If you’ve been reading my stuff for a while you may remember me talking about the idea of persistent metadata. By “persistent metadata,” I mean that every thing in a physical universe can be identified by WHERE they are and WHEN they are. A person is born here, educated here, works here, moved here, died here. Along with a place, each of those steps also has a span of time associated with it. And even if that span of time is not formally contextualized, you can use it in your searching; if you know grandpa was educated between 1938-1950 and served in the military between 1951-1955, you can use those years in time-bounded queries to shape your results while searching a genealogy database .
(If you want to explore my thoughts on persistent metadata, I wrote a three-part essay which goes deeper into it and shows examples of how I have applied these principles to search tools: one, two, three.)

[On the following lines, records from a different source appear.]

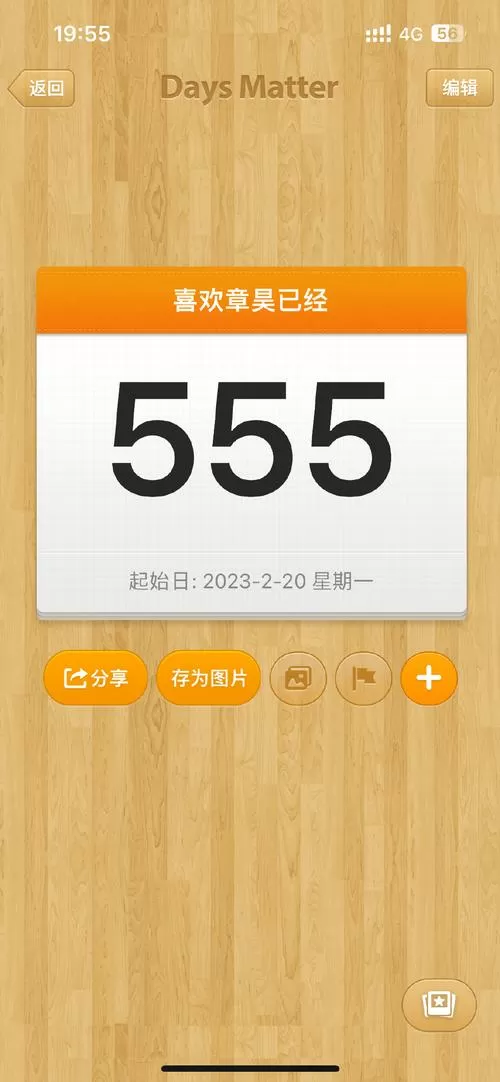 刷新率会影响帧数吗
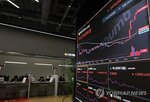 제한,의결권,입법조사처,주주,대주주,대체거래소,거래소,디지털자산기본법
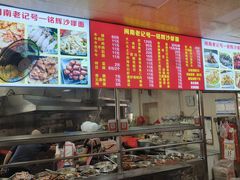 -铭辉沙嗲面(新街商业城店)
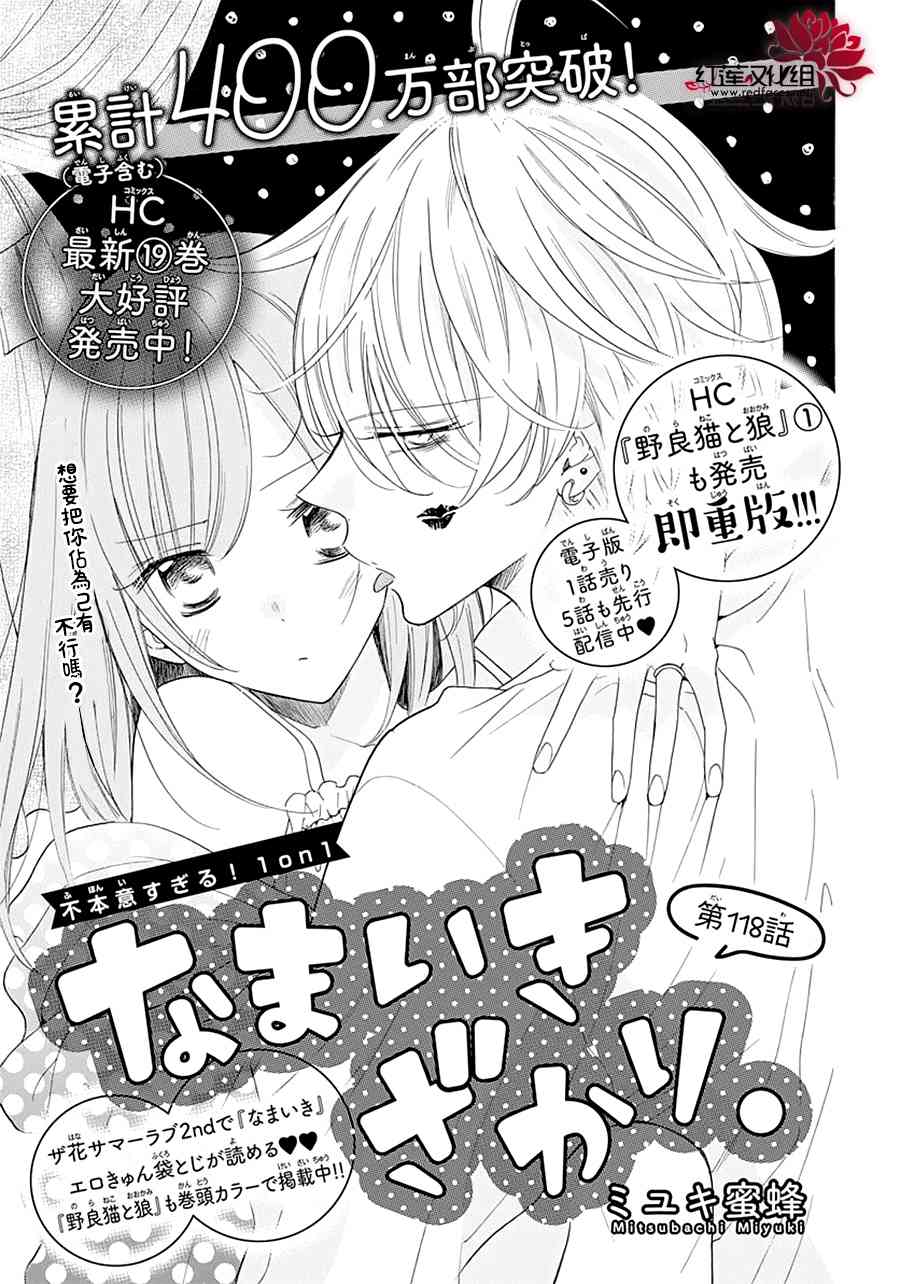 盛气凌人 118话 第1页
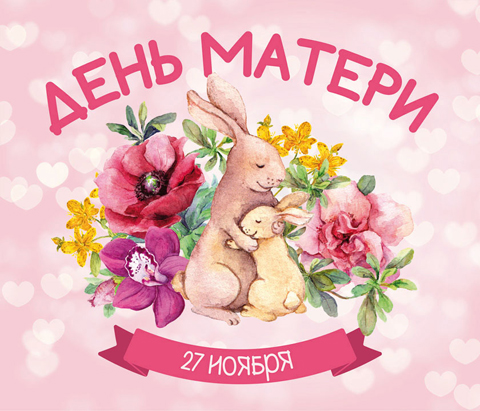 День матери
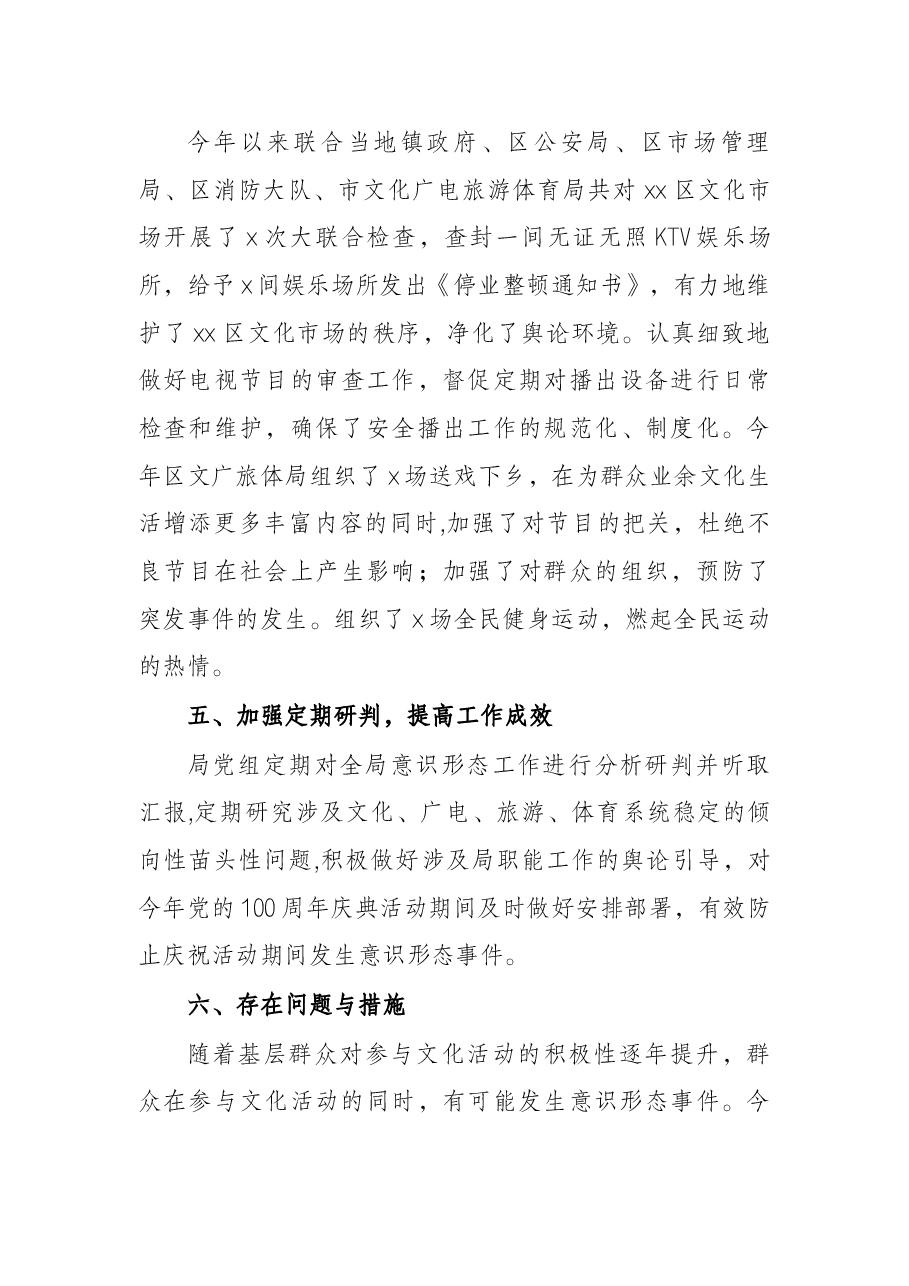 2021年意识形态工作情况报告(局机关).docx,第3页预览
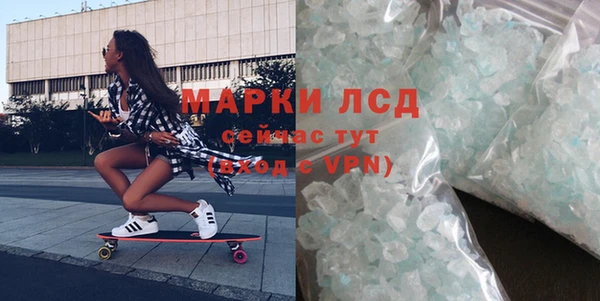 синтетический гашиш Алексин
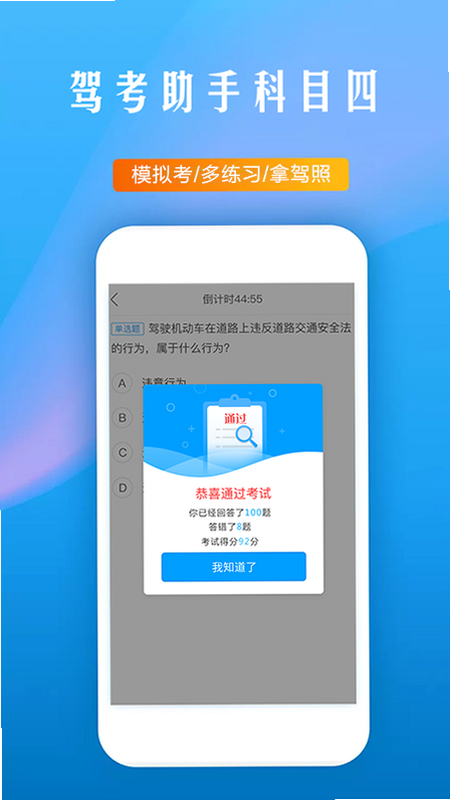 驾考助手 安卓版 科目四 考点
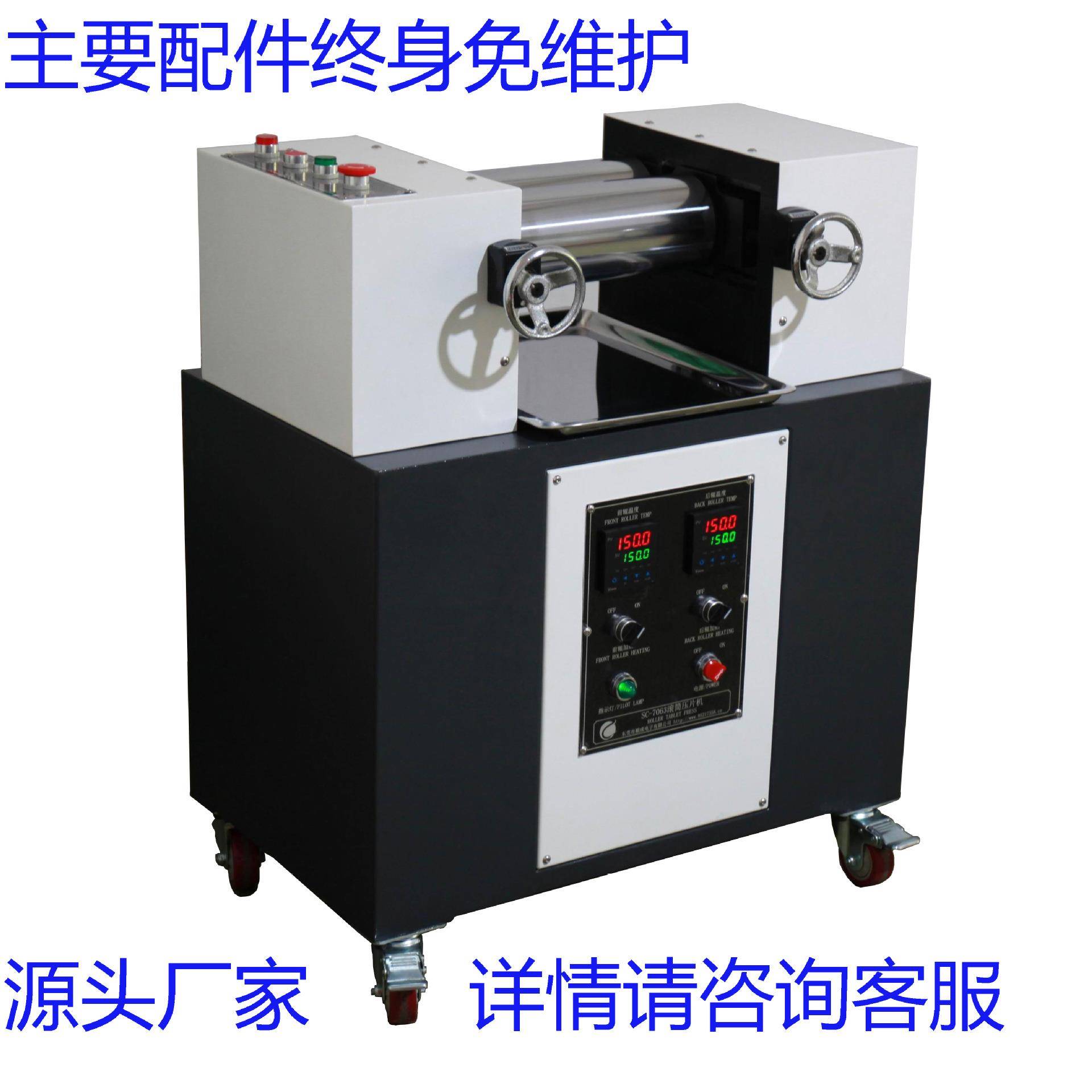 PVC颗粒配色双辊压片机小型4寸滚筒开炼机SC-7063现货价格优惠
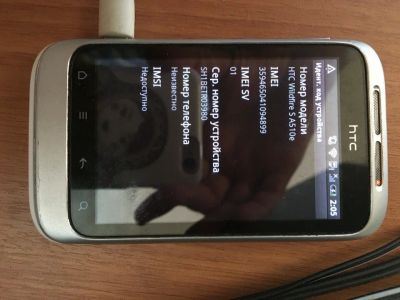 Лот: 7439740. Фото: 1. Htc. Смартфоны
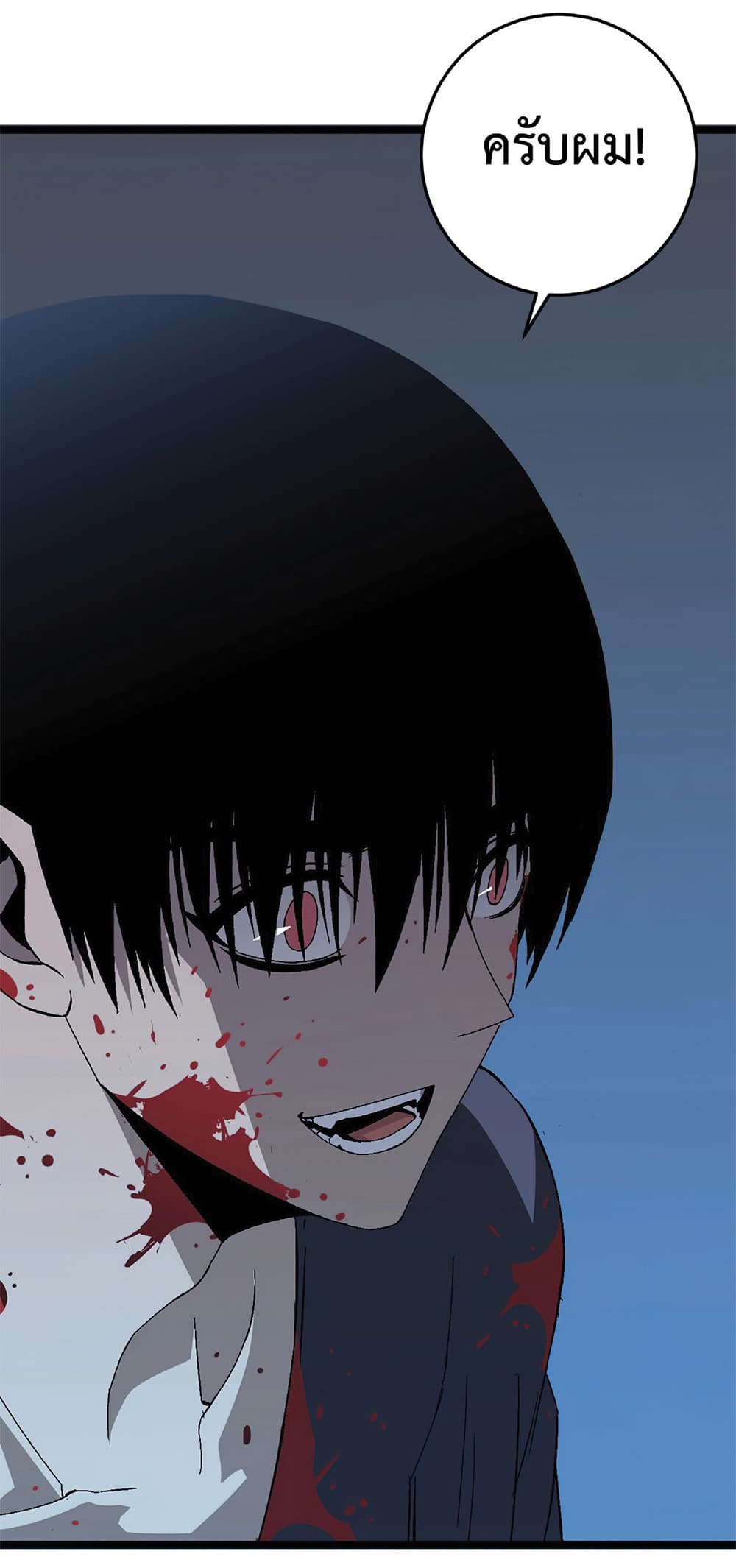 Your Talent is Mine พรสวรรค์นายฉันขอนะ ตอนที่ 5 page 35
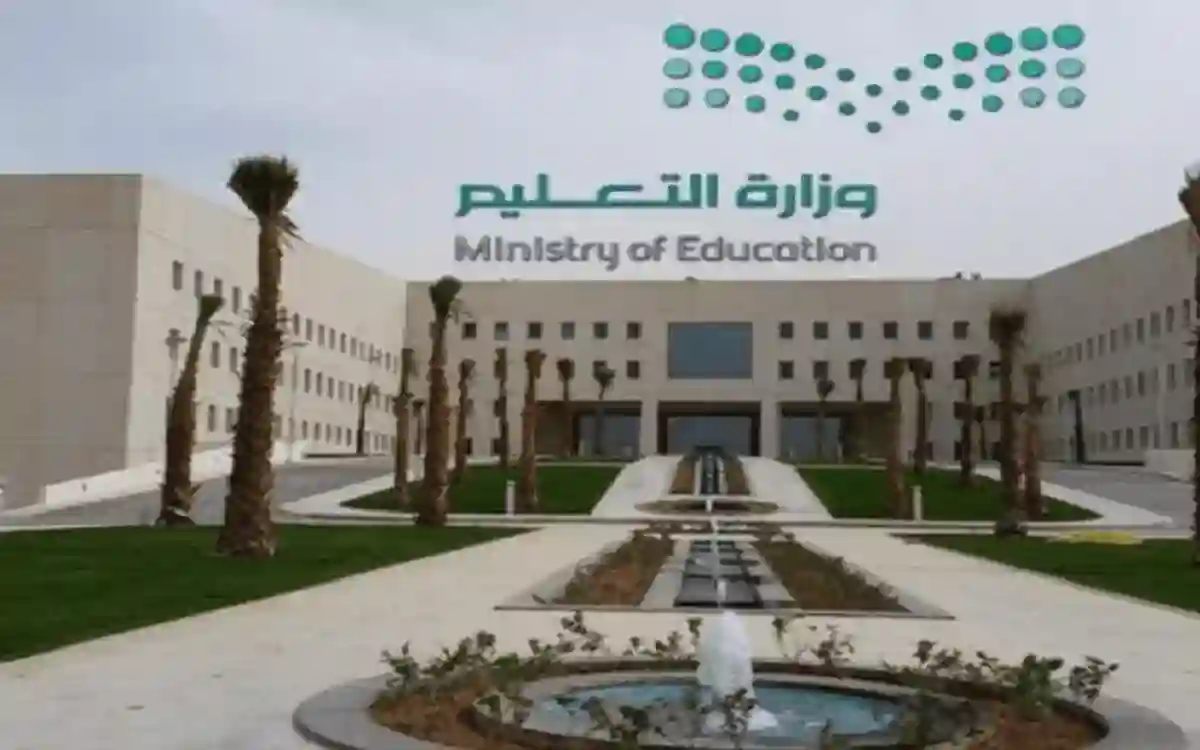 بعد اجاز الغد وزارة التعليم تحدد موعد الاختبار البديل لطلاب المدارس 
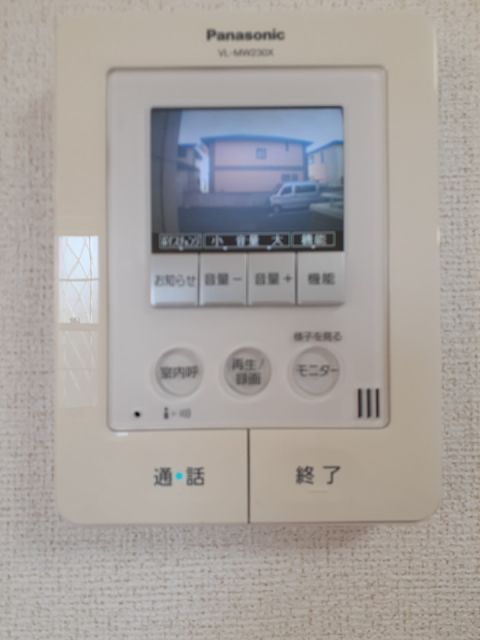 プリムローズのその他写真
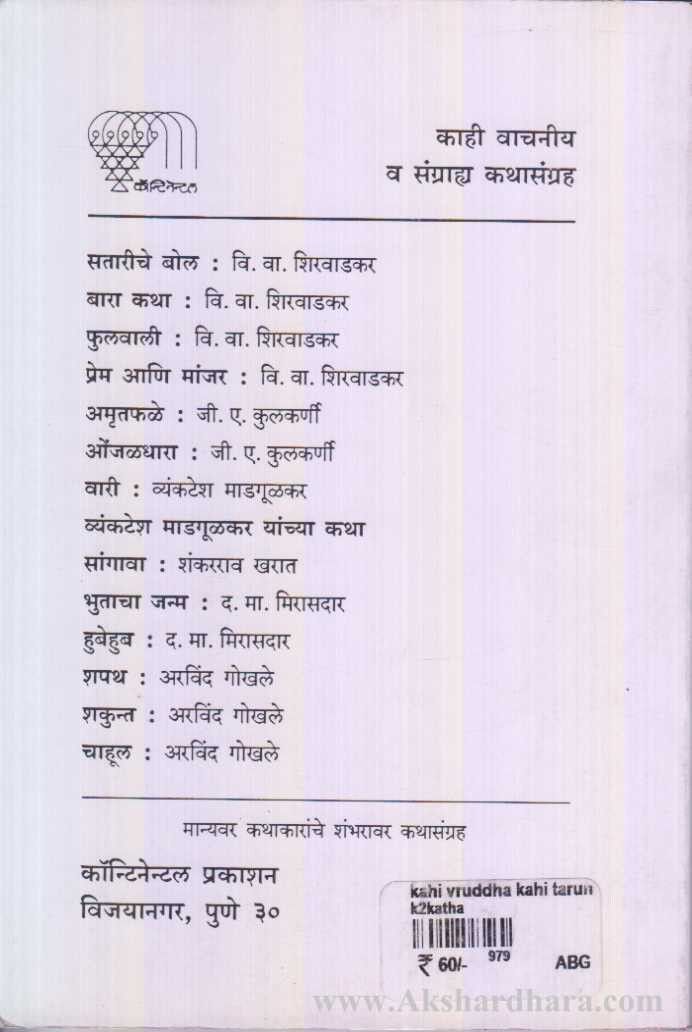 Kahi Vruddha Kahi Tarun (काही वृद्ध काही तरुण)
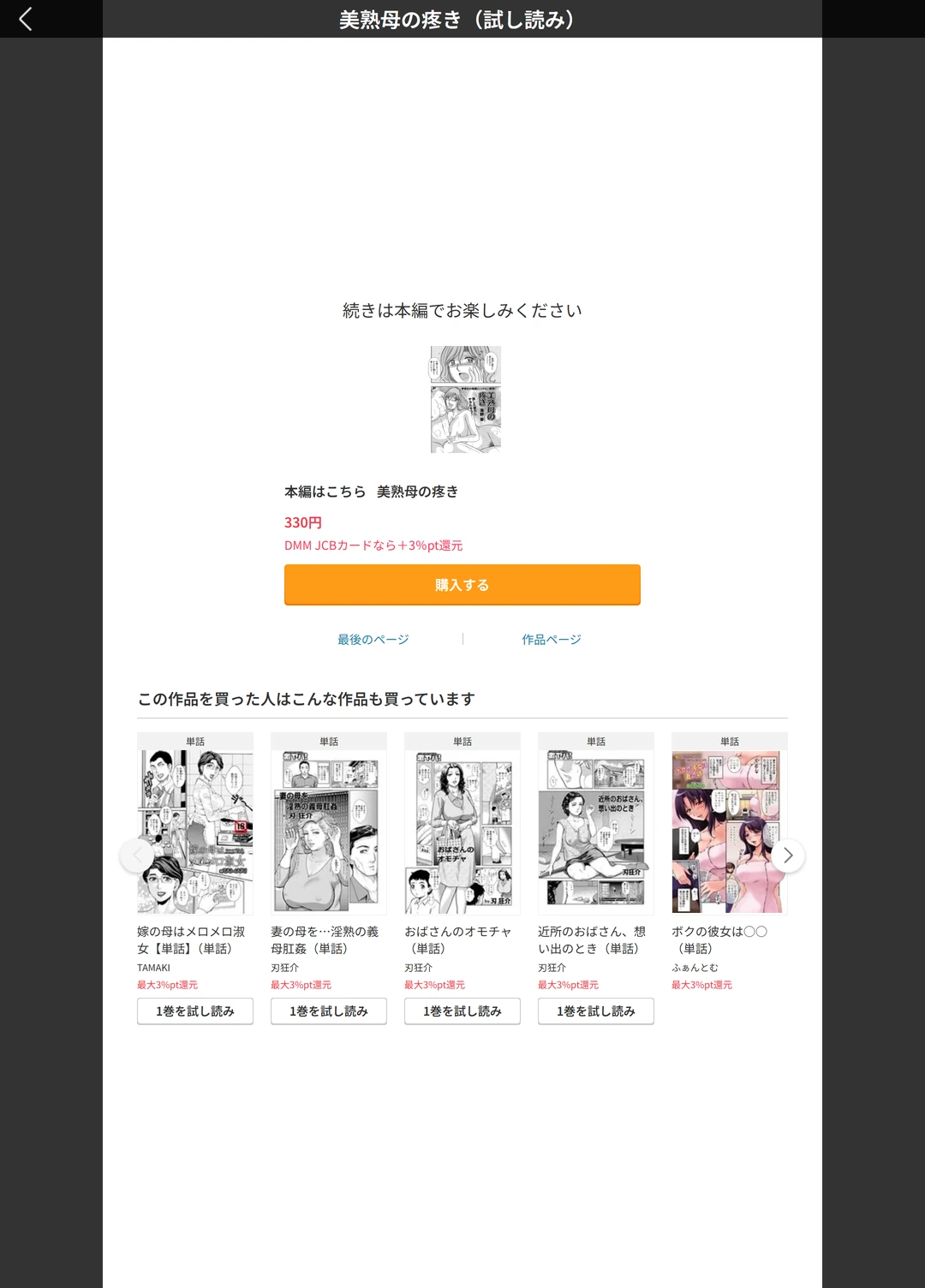 試し読み 5枚目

You apply persistent metadata to your searches all the time. When you look for Japanese restaurants near you, you’re applying the persistent metadata of location. When you do a news search and restrict your results to the last 24 hours, you’re applying the persistent metadata of time. You do this because it works to restrict your results in a useful way and because as a human you instinctively understand the importance of time and place. (There’s a reason for the trope of someone getting bonked on the head, waking up, and asking “Where am I?”) It is an easy step to teach someone to apply this understanding to performing a better Web search.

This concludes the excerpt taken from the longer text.